Taking the data below, please print only the lines from the line holding "设计院家属院3室2厅精装修拎包入住实验高中，济南路小学陪读房 - 日照28生活网" to the line holding "Musk Thistle", inclusive, with pictures omitted.

**GIVEN DATA**
* * * * * * * * *

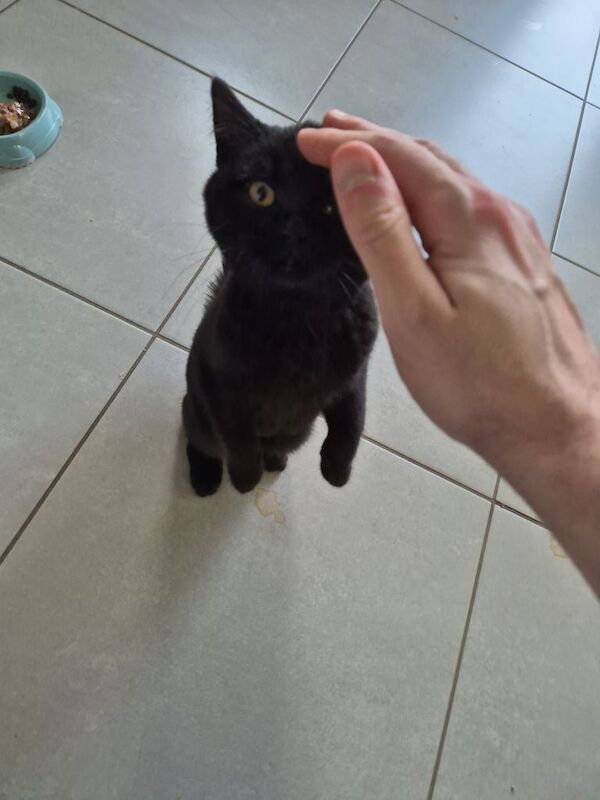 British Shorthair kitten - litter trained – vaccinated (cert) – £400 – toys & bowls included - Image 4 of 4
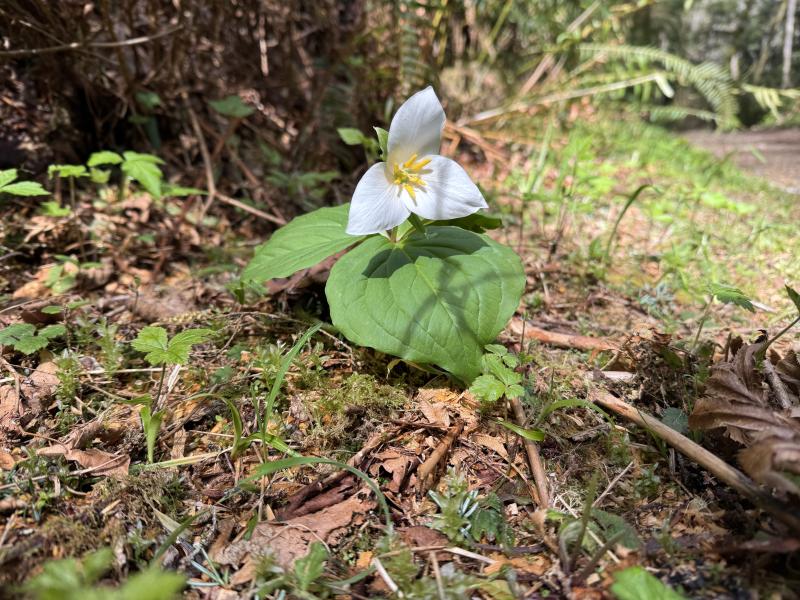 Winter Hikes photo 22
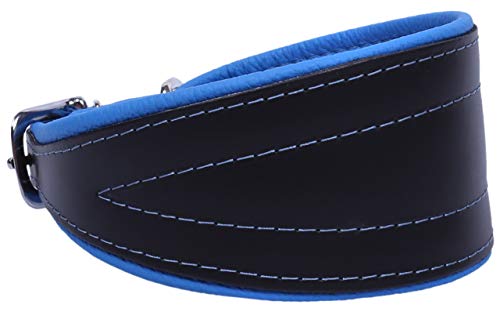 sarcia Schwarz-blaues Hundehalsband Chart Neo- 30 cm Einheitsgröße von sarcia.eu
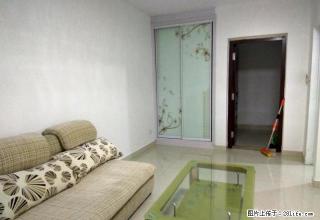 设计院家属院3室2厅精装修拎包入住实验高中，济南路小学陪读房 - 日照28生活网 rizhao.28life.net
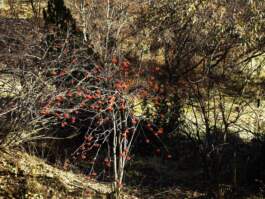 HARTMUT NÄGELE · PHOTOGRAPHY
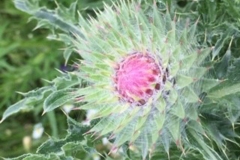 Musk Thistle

* * * * * * * * *

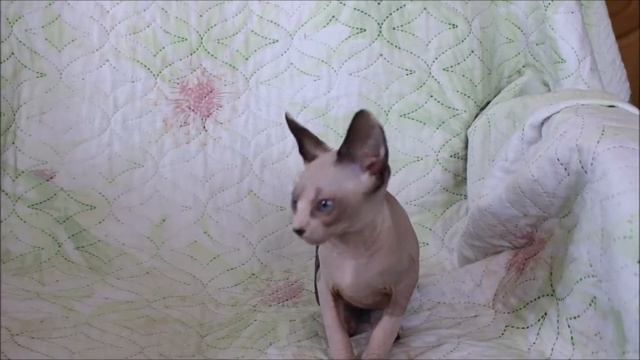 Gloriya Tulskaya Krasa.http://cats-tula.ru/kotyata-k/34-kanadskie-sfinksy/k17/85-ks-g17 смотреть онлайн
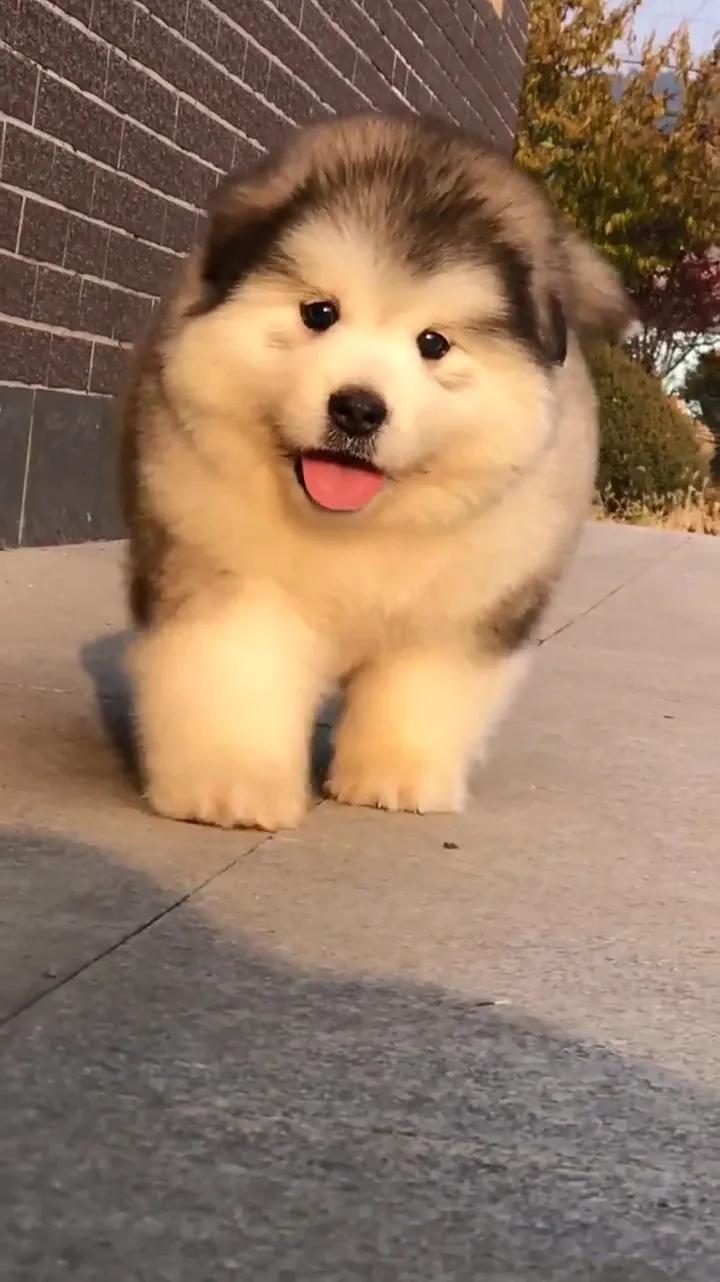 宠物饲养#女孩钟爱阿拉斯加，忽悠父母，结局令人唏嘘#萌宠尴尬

* * * * * * * * *

**TASK OUTPUT**
 设计院家属院3室2厅精装修拎包入住实验高中，济南路小学陪读房 - 日照28生活网 rizhao.28life.net
 HARTMUT NÄGELE · PHOTOGRAPHY
 Musk Thistle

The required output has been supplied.